Segundo pesquisa do IBGE, a proporção de famílias formadas por casais sem filhos cresceu 33% no Brasil entre 2004 e 2013. Ao longo desse período, houve queda de 13,7% na proporção dos casais com filhos (de 50,9% para 43,9%). Já o número de casais sem herdeiros cresceu de 14,6% para 19,4%. Em 2013, uma em cada cinco casais brasileiros não tinha filhos, de acordo com a Síntese de Indicadores Sociais 2014. Especialistas alertam, no entanto, que a consolidação dessa configuração familiar reduzida aliada ao crescimento da esperança de vida significará, em um futuro próximo, menos profissionais jovens no mercado de trabalho, mais custos com aposentadorias e um risco de queda no crescimento econômico.

A tendência de queda no número da taxa de natalidade não é nova. O número de filhos por mulher vem se reduzindo desde a década de 1960, a exemplo do que ocorreu também em vários outros países. Se em 1970, as brasileiras tinham, em média, 5,8 filhos, hoje, esse número não chega a 2, taxa em que a população não se repõe. O número de nascimentos caiu 13,3% entre 2000 e 2012, quando a taxa de fecundidade foi de 1,77 filho por mulher, contra 2,29 em relação ao período anterior. Os motivos para essa diminuição são vários: maior escolarização, aumento do número de mulheres no mercado de trabalho, uso maior de contraceptivo, entre outros.

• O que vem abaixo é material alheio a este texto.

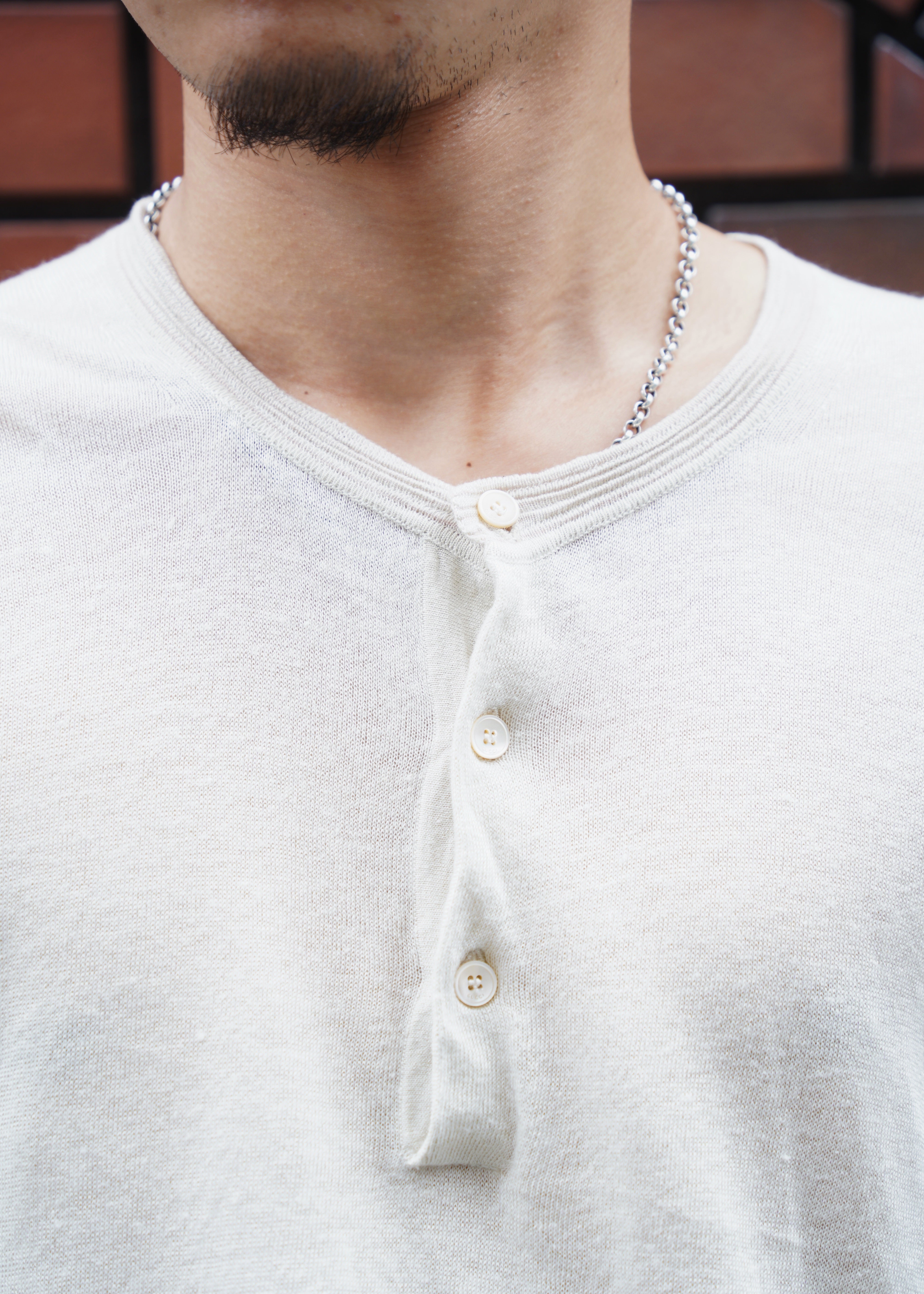 00's GUCCI linen silk henry neck short sleeve knit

Com a população ativa menor e mais aposentados, o desafio será equilibrar as contas da Previdência e o mercado de trabalho, de acordo com Ivan Santana, professor da Faculdade de Ciências Econômicas da UFMG. “Atualmente, gastamos 10% do PIB com a aposentadoria, número parecido ao da Espanha e de Portugal que possuem uma população muito mais velha que a nossa. Algo tem que ser feito agora, senão vamos gastar cerca de 20% do PIB lá na frente. Precisamos de uma reforma da Previdência, mas como é um tema tratado de uma forma muito emotiva, nenhum presidente quer tocá-la”,  explica Santana que ressalta que a economia informal também contribui para desequilibrar a conta da Previdência.

Exercício demográfico realizado pelo Centro de Desenvolvimento e Planejamento Regional da UFMG indicou que no ano de 2050 o Brasil deve perder 30 milhões de potenciais contribuintes da Previdência Social. Além da preocupação com os efeitos de um maior investimento com gastos públicos destinados para a aposentadoria, Leila Ervatti, pesquisadora do IBGE, alerta para a questão da atenção à população idosa, já que o envelhecimento da população se dá no país como um todo.

“Precisaremos de muito mais estrutura para eles”, afirma. Segundo a pesquisadora, a razão entre a população potencialmente inativa (0 a 14 anos e 65 ou mais de idade) e a ativa (15 a 64 anos de idade), chamada de razão de dependência vai atingir o seu valor máximo em 2022. “E, a partir de 2037, os idosos vão passar a depender mais da população ativa do que os jovens”, explica.

Outro fator que contribui para o envelhecimento da população brasileira é o aumento da expectativa de vida. Em apenas um ano, os brasileiros ganharam, em média, quase quatro meses a mais de expectativa de vida. Segundo dados do IBGE, a esperança de vida ao nascer da população do país atingiu 74,9 anos em 2013. “O ponto crucial é que, em 30 anos, estaremos vivendo 10 anos mais. Hoje um brasileiro vive mais ou menos 25 anos aposentando. Em 30 anos, podemos aumentar essa taxa para mais uma década. O jovem de hoje terá muito mais tempo aposentado”, afirma Santana.

Brasileiras engravidam cada vez mais tarde

O número de mães de primeira viagem com mais de 30 anos cresceu na última década, de acordo com estudo Saúde Brasil, do Ministério da Saúde. A pesquisa aponta que quanto maior o grau de escolaridade, mais tarde as mulheres optam pelo primeiro parto.

Segundo o Saúde Brasil, o percentual de mães com primeiro filho na faixa de 30 anos passou de 22,5%, em 2000, para 30,2%, em 2012. Já o número de mulheres com menos de 19 anos, que tiveram filhos, caiu de 23,5% para 19,3% no mesmo período.